The best practice for validating receipts is to send the receipt to your server, and have your server perform the validation with the App Store server.
If your app connects to the App Store server directly from the device, your app may be affected by this vulnerability. You can address this vulnerability as follows:
- Check that the SSL certificate used to connect to the App Store server is an EV certificate.
- Check that the information returned from validation matches the information in the
- Check that the receipt has a valid signature.
- Check that new transactions have a unique transaction ID.
How can I validate transactions that have already completed?
Consumables: If you have saved the receipts, either on the device or on your server, revalidate the receipts after implementing your mitigation strategy. If you have not saved the receipts, you cannot validate these past transactions; you should not take any action.
Nonconsumables: Set aside the current receipts, perform a restore operation, and validate the new receipts. Avoid redownloading content that is already on the device during this process.
Apple has also provided developers with code and a step-by-stop process to mitigate the issue:
The code listings in this document’s companion files illustrate an implementation approach for the mitigation strategy described in this document.
Note: This listing uses the symbols
SecTrustCopyInfo, which are not public API. Your app is allowed to use them for this specific purpose.
To add this code to your project:
- Download and unzip this document’s companion files. (The link is in the top right corner of this page.)
- Add the
VerificationController.mfiles to your project in Xcode, and add them to the appropriate targets.
- Link your project against the Security framework.
- Provide a base64 encoder, a base64 decoder, and the action to perform when validation succeeds.
Apple previously responded to the issue in a statement:
“The security of the App Store is incredibly important to us and the developer community,” Apple representative Natalie Harrison, told The Loop. “We take reports of fraudulent activity very seriously and we are investigating.”
We first publicized the issue one week ago today, noting that Russian hackers were able to circumvent Apple’s in-app-purchase process with only thee steps. We previously noted that the issue affects iOS devices ranging from iOS 3.0 to iOS 6.0, so Apple will likely rollout the fix in the next betas of iOS 6 or wait for the final release this fall.

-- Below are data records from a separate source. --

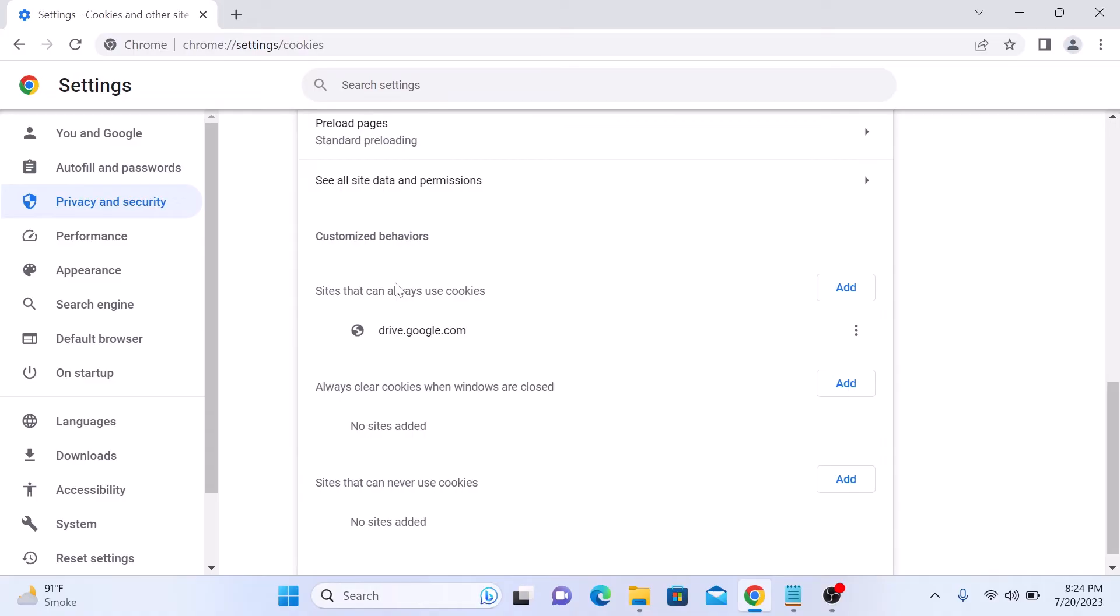Sites that can always use cookies and sites that can never use cookies. Click on Add button to add websites. You can also add sites to always clear cookies when windows are closed.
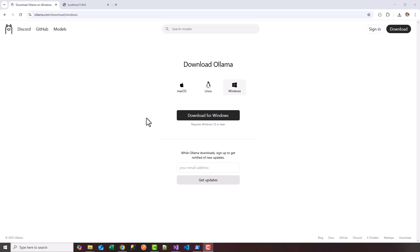The first step is to head over to ollama.com/download/windows. We're going to set up Llama 3.2, a local LLM running on Windows, and the API is going to be exposed locally.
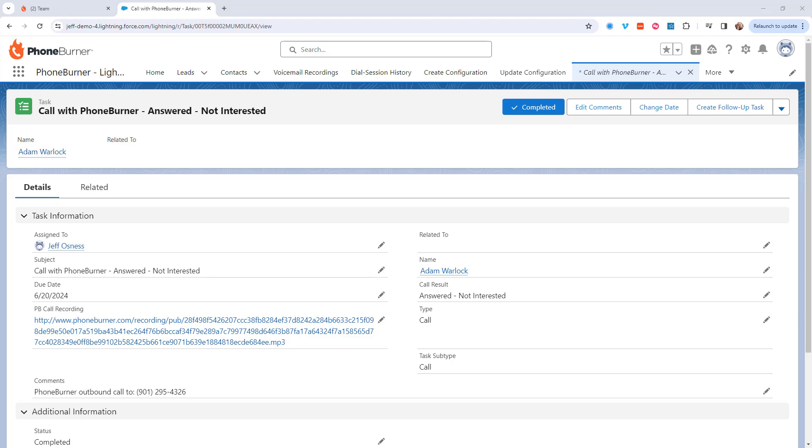Hello there. Thank you for taking a moment to watch this video. In this training I want to talk to you about call recording and more specifically how to get the call recordings that you do using PhoneBurner into the activities that are created in Salesforce when you're making your calls.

A few days after the original news about the hack hit, Apple began making moves to stop people from being able to steal in-app-purchases from App Store developers. Apple’s early attempts at stopping the scheme included issuing takedown notices on the servers that powered the fraudulent hack. The hackers fought back by moving their servers to less-accessible locations.
It seems that iOS 6 will be the only true final solution to the issue, and Apple’s outreach to developers, today, is a temporary solution. It seems that the end of the issue will only be reached by Apple and developers working together. Apple is readying the iOS 6 patch this fall, and developers need to better protect their in-app-purchases with the new tools and guidelines that Apple released today.